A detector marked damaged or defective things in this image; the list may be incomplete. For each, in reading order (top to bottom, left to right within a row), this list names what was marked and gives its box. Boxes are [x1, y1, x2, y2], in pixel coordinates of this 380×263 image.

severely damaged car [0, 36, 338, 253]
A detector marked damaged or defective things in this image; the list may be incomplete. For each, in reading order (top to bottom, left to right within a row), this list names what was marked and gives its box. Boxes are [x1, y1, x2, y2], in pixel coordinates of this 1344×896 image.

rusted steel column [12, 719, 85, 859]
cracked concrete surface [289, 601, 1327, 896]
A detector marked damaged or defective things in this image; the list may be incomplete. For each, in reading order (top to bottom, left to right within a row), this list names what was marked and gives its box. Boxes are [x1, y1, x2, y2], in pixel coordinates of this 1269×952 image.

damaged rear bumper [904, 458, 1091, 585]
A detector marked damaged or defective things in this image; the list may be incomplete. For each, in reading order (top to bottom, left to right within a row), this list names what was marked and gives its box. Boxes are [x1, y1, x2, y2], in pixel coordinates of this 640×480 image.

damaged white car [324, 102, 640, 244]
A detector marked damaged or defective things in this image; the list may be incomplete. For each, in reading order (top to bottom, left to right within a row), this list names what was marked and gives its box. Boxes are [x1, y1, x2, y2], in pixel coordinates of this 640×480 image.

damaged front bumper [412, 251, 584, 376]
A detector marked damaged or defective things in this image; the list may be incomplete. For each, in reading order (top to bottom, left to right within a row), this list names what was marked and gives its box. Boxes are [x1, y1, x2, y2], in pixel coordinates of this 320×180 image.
──────
■ Your task: Copy each record above so that no word or mark differs.

■ Solved problem:
A detector marked damaged or defective things in this image; the list may be incomplete. For each, in reading order (top to bottom, left to right within a row), this list names what was marked and gives its box. Boxes are [x1, y1, x2, y2], in pixel coordinates of this 380×263 image.

severely damaged car [0, 36, 338, 253]
A detector marked damaged or defective things in this image; the list may be incomplete. For each, in reading order (top to bottom, left to right within a row), this list names what was marked and gives its box. Boxes are [x1, y1, x2, y2], in pixel coordinates of this 1344×896 image.

rusted steel column [12, 719, 85, 859]
cracked concrete surface [289, 601, 1327, 896]
A detector marked damaged or defective things in this image; the list may be incomplete. For each, in reading order (top to bottom, left to right within a row), this list names what was marked and gives its box. Boxes are [x1, y1, x2, y2], in pixel coordinates of this 1269×952 image.

damaged rear bumper [904, 458, 1091, 585]
A detector marked damaged or defective things in this image; the list may be incomplete. For each, in reading order (top to bottom, left to right within a row), this list names what was marked and gives its box. Boxes are [x1, y1, x2, y2], in pixel coordinates of this 640×480 image.

damaged white car [324, 102, 640, 244]
A detector marked damaged or defective things in this image; the list may be incomplete. For each, in reading order (top to bottom, left to right within a row), this list names what was marked and gives its box. Boxes are [x1, y1, x2, y2], in pixel coordinates of this 640×480 image.

damaged front bumper [412, 251, 584, 376]
A detector marked damaged or defective things in this image; the list may be incomplete. For each, in reading order (top to bottom, left to right within a row), this list names what was marked and gives its box. Boxes are [x1, y1, x2, y2], in pixel coordinates of this 320×180 image.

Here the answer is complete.